Lastly, I'm seeing that there are multiple ways to play with CR, static at least. Machining a few .001's off of the deck, HG thickness, piston dish, p&p'ing the combustion chamber. Money seems like the only issue.

Now for some chitchat that's a little more timely. Once I get the WRX up and running (I have a hoist now, so I should be out in the garage right now) I will have an almost entire WRX longblock to install into the RS. I think I'd just be missing injectors and a fuel pump filter. I'll have to do a search to see if anyone has cut the tips off of the end of the RS injectors. I'd also need an ECU. I'd imagine a piggyback would be out of the question because I don't know of any. Of course, I don't think I'll put the WRX engine in without some pistons.

One more option is like how you're doing. jdmeis is selling some 2.5L JE pistons and crower rods on ebay. http://cgi.ebay.com/ebaymotors/ws/eB...tem=7946875850 I am probably making a mistake by posting the ad here, but I haven't yet bid because I haven't put any thought into turboing the (what's the RS's engine code?
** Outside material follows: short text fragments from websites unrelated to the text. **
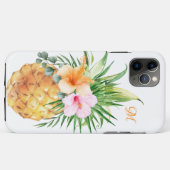 Fruitige Bloemenananas en Hibiscus met Monogram Case-Mate iPhone Case (Achterkant (horizontaal))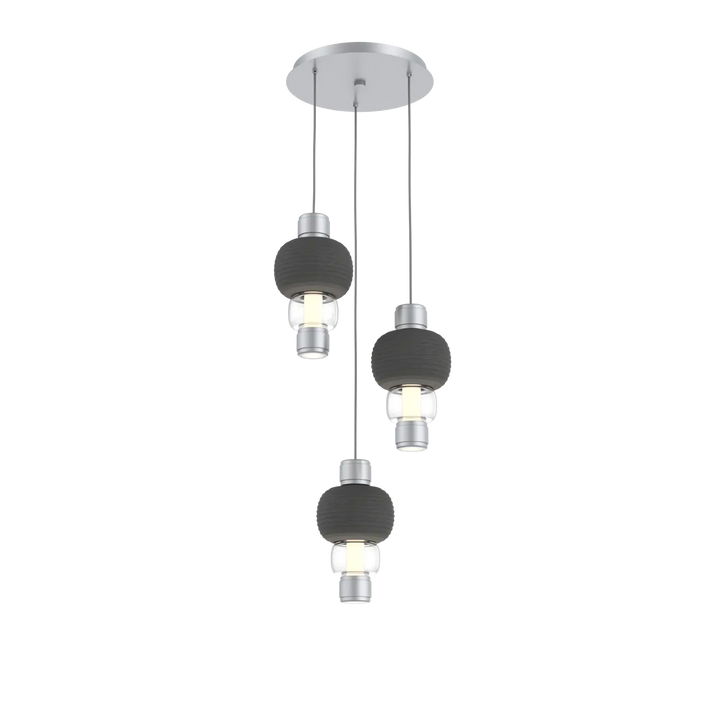 Hammerton Studio Torno Mandrel Multi-Pendant Chandelier Classic Silver / 3-Piece / Clear / Charcoal Ceramic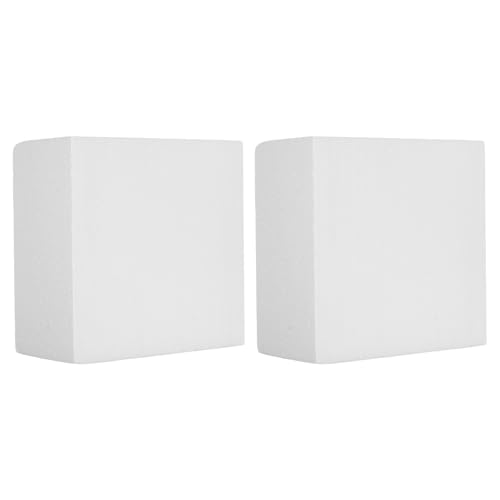 MOTHNUR 2pcs Square Cake Dummies for Decorating Practice Smooth Surface Fake Cake Models for Fondant and Baking Classes Supplies
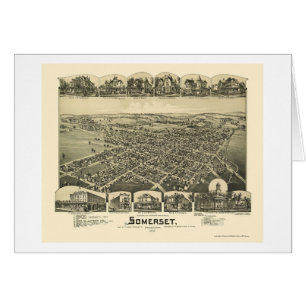 Cartão Somerset, mapa panorâmico do PA - 1900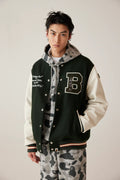 A BATHING APE EMBROIDERY VARSITY JACKET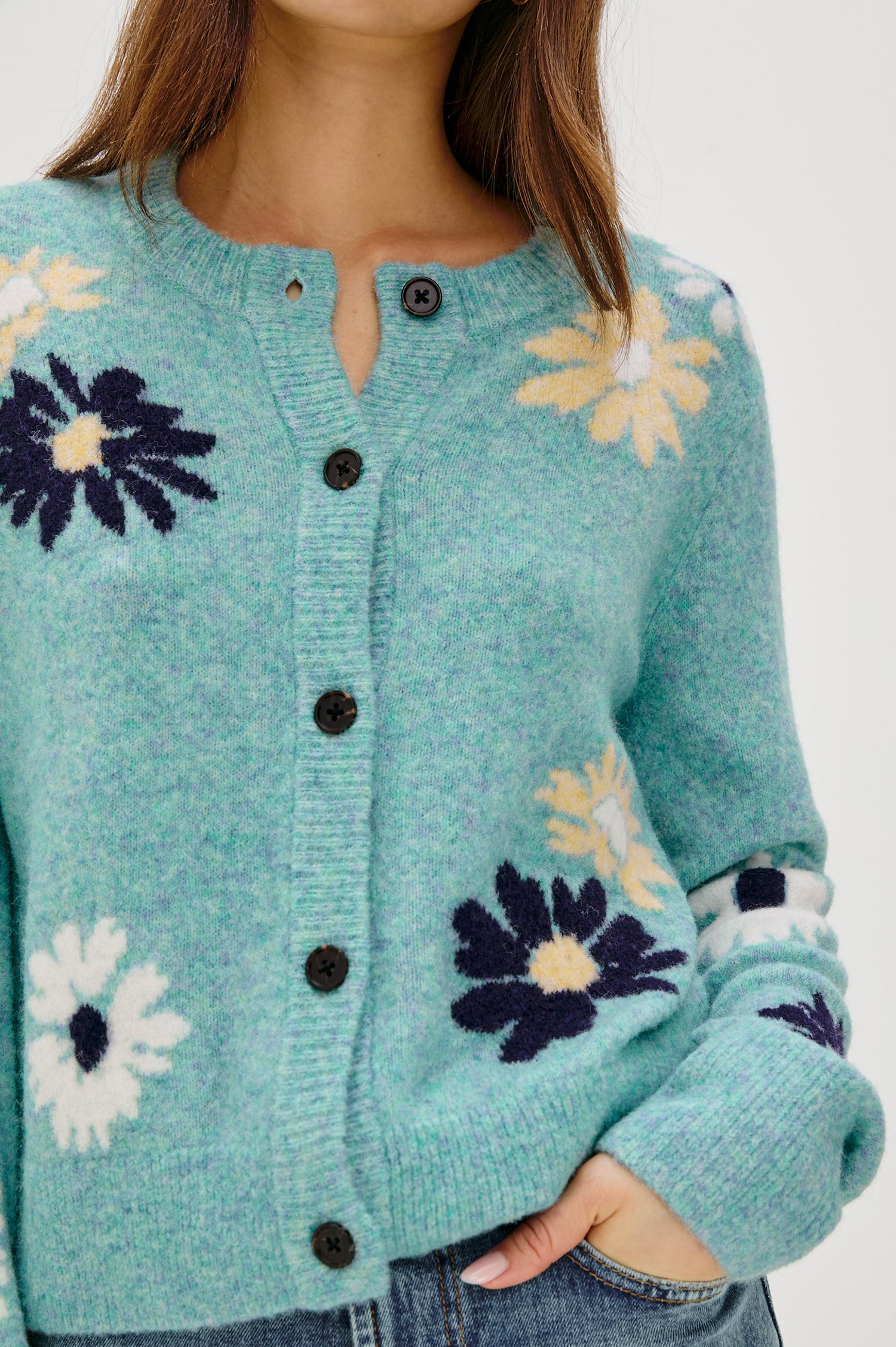 MILLIE CARDIGAN - HEATHER TEAL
EJ251?)

I wonder if I could just utilize my stock WRX exhaust manifold and a turboback, injectors and a fuel pump?

 

This is what I'm going to do, for two reasons- one, less manifold volume is good in FI applications, and two) it allows for a larger topmount mounted more properly under the hood scoop. I've been researching this extensively lately, and I've figured out that if you have a standalone like a Hydra, it WILL work. If you have stock management, the issues are making the RS MAP sensor work, and wether or not the WRX and RS TPS voltage ranges are the same (should be). Beyond that, it's typical Subaru hot-swappable. I'll go over all the details as soon as I get mine on.

 

This is a great thread. I wish I had something monumental to add but... I really was needing all this information. Thanks and good luck with the builds.

cheers

garrett

 

I split out the NA discussion fellas.

 

You're absolutely right. Sorry.

 

Eh, it was cool for the first question or two. Then we started gabbing about it like girls in a junior high hallway.